“Big Data” has definitely become an overused term eclipsing even the barrage of vendor connections to sell new solutions. It seems like any group that is dealing with data is now referring to it as “Big Data” and in some situations like large research data sets the term is technically correct. The actual definition “data sets that are too large and complex to manipulate or interrogate with standard methods or tools” does create a broad category. I think of “Big Data” from the manipulate or interrogate standpoint that requires techniques to manage (hadoop) and process the data (MapReduce) using computers with large amounts of RAM. And it gets very confusing as we apply our traditional relational DB and BI concepts. But I’m not the one worrying about how it works, I’m trying to figure out the most effective way to make it work, and that relates to skills, budgets and data centers.
A major stimulus for “Big Data” visibility at Missouri S&T is our commitment to offer new Graduate Certificate Programs through Distance and Continuing Education. This has created a flurry of activity in the Computer Science, Computer Engineering and Business Information Technology programs with respect to the creation of new courses and the associated support of “Big Data” teaching resources. We also have significant growth in the need for high performance and throughput computing so I ask why can’t all of the computing hardware be more effectively utilized across these disciplines. Maybe it can, but today we approach the challenge with our traditional operational methodology and the solutions don’t play well together. I was recently encouraged to find out that others in higher ed are exploring this terrain of HPC and hadoop operations. One of our collaborators, Kansas State Beocat, is running into resource scheduling challenges, but they hold out hope that there must be solutions.
So what can we do with a meager budget and limited infrastructure to become a player in “Big Data”. We start with enhancing our skill sets by adapting our traditional DBA talent to hadoop concepts and we steer our analytics specialists to experiment with these new BI tools. Luckily it is affordable to venture into hadoop based data management and there are plenty of open sources BI add ons to get your feet wet. This is building a strong foundation that may produce valuable breakthroughs for more effective teaching and research. But we are going to take this one step further.

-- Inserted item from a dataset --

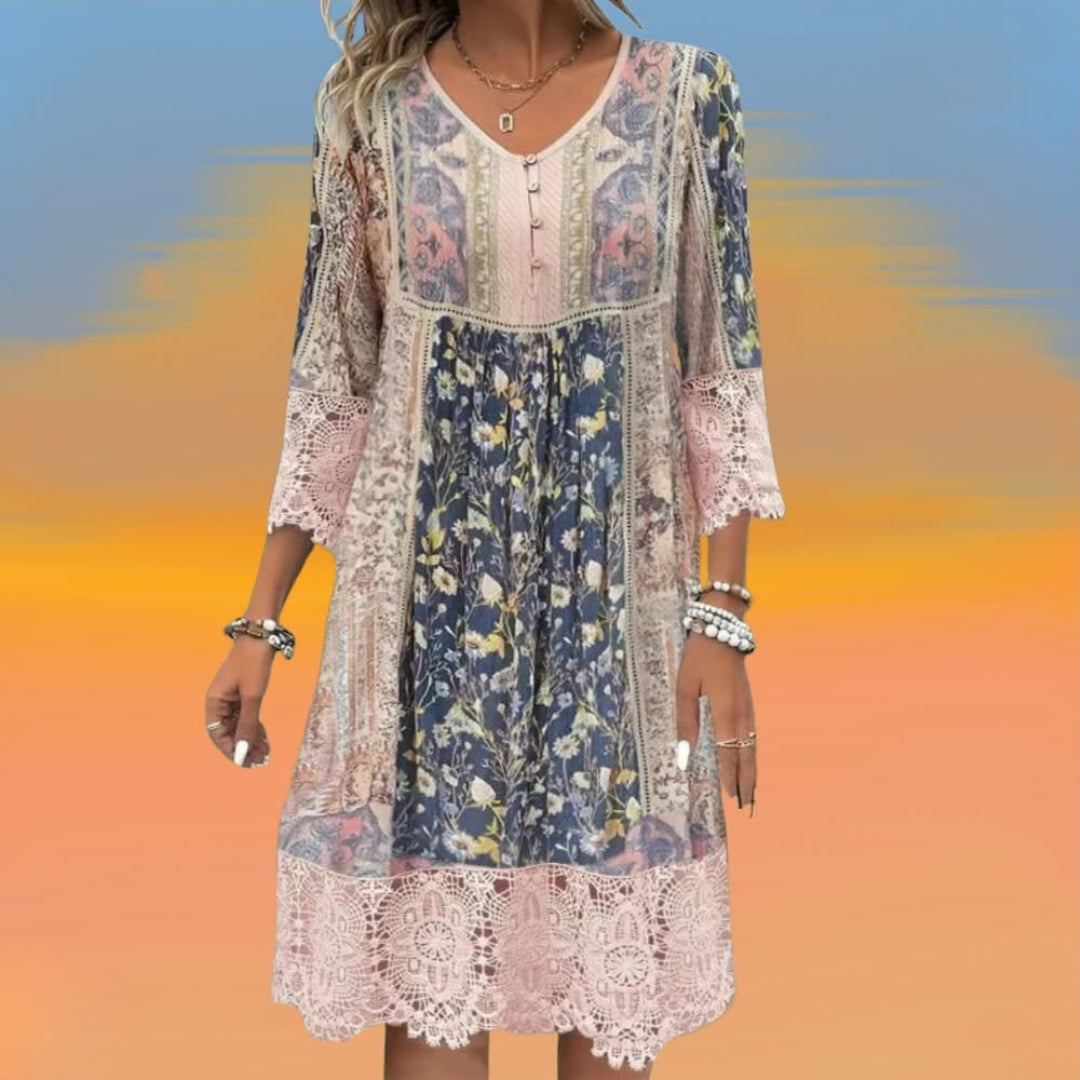 Naya™ | Robe midi fluide bohème chic | Maya Deauville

Working with hadoop may establish some “Big Data” concepts that relate to the commercial space, similar to how working with mysql may simulate Oracle DB principles. But is that enough? Does higher education need to be offering teaching and research for what our employers use. I recognized a disconnect a few years back when I took over teaching an “Information Services” class for our business school. They had been teaching basic concepts of spreadsheet, programming and database to students that were being groomed as bean counters. I instead taught them basic concepts of ERP, CRM, BI, DW and had them actively participate in the web by way of blogging and understand SEO. The motivated students thrived and the others survived. I did get some validation from this approach when one of those students now pursuing her MBA commented how far ahead she was because of her understanding these real world solutions.

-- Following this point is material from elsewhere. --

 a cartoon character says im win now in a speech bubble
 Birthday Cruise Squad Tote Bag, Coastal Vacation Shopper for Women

I mention this correlation between what we teach and research vs what the commercial world relies upon to explain why I am purchasing an SAP HANA platform to support teaching and research at S&T. Today I would equate HANA as the leader for the utilization of “Big Data” in the commercial sector. Sure it is based on hadoop but it is a fine tuned appliance specifically designed to produce results for the “Big Data” market place. I am finally ready to make the purchase but it has not been an easy process. I first got the idea when corporate partners who are always trying hire our SAP ERP trained business students mentioned their need for HANA experience. I then equated that to “Big Data” research partnerships especially with our engineering projects producing large amounts of diverse data. We uncovered some of this with our visualization efforts. But I could not find anyone at SAP that knew how to sell me a HANA solution that was not based on a commercial vertical market. Thankfully Hewlett-Packard who has a strong relationship to the HANA hardware appliance saw the opportunity. They had customers all around us who were cautious about committing to HANA because of the lack of qualified talent to drive it. HP saw the potential of S&T graduating students with actual HANA experience so they helped connect us to the right people in SAP to make this happen.
Is this investment in HANA strategic? That is my hope, but at a minimum I do believe that there will be tremendous value from the exploration. Any exposure for the students will be a win at least as long as HANA remains a commercial leader. And I believe having our own HANA system will open doors for corporate research collaboration by helping us to overcome licensing and intellectual property challenges. The side benefits may be the help for us in understanding how to position “Big Data” processing into our HPC mentality. Or applying this experience to challenges we have in managing our own cyber security, learning analytics, retention and recruiting. Maybe the greatest value is to help our academic culture explore a different path.
Update – 6/27/14 – Support for the HANA purchase is strong so we have moved forward with the purchase.